As sad as it is, this country has for four decades known little to nothing of the rule of law. What little of a judicial system it may be said to possess is in a state of ‘substantial collapse’, as stipulated in Article 17(3). The idea that a functioning legal infrastructure could be hastily constructed for the benefit of Gaddafi – the scion of a despised and fallen regime – is frankly unrealistic. This renders the following statement by Prosecutor Moreno Ocampo during his recent visit to Tripoli all the more perplexing:
The standard of the ICC is that it has to be a judicial process that is not organised to shield the suspect … and I respect that it’s important for the cases to be tried in Libya … and I am not competing for the case … There are so many different traditions, it is difficult to say what is fair.
The Prosecutor is incorrect.

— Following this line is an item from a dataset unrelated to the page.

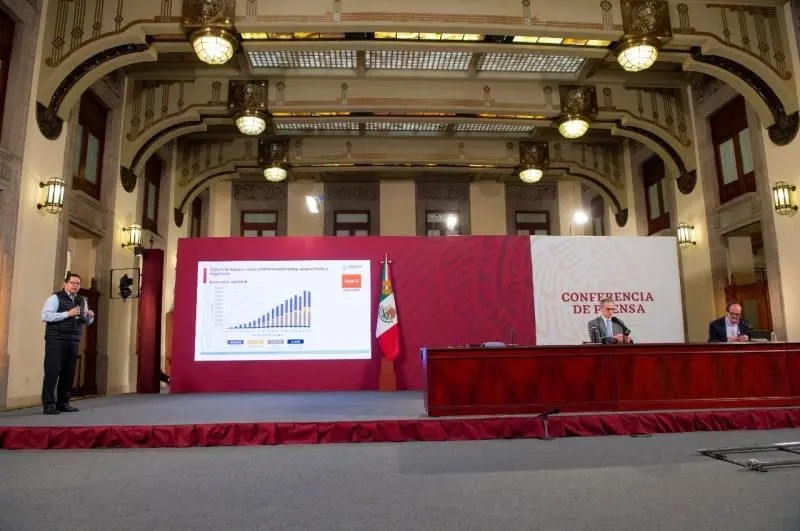 COVID-19. México suma 370 mil 712 casos y 41 908 muertes por coronavirus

In the first place, his mention of ‘a judicial process that is not organised to shield the suspect’ is a reference the unwillingness standard provided by Article 17(1)(a) of the Statute. Whilst this is a standard, it is by no means the only standard of Article 17. He remains mysteriously silent as to whether Libya is ‘unable’ to try Gaddafi, the question I raise here. In the second, the mention of ‘different traditions’, in an apparent attempt to inject a measure of cultural relativism into the ideal of the rule of law, is inconsistent with the concept of the ICC as a whole: an institution capable of imposing a uniform standard of criminal justice with respect to the most serious of offences known to humanity.
If what is alleged of Saif Gaddafi is true, he is richly deserving of punishment. But it would appear clear that from the perspective of the ICC Statute, were the Court to insist on trying Gaddafi and enforcing the terms of Security Council Resolution 1970, the case would be admissible and any refusal to comply by Libya a breach of the rules of international society. The current approach of the Prosecutor – whilst it may enhance the spectacle of the Gaddafi family’s fall – does little for the rule of law, nor the nascent institutions of international criminal justice.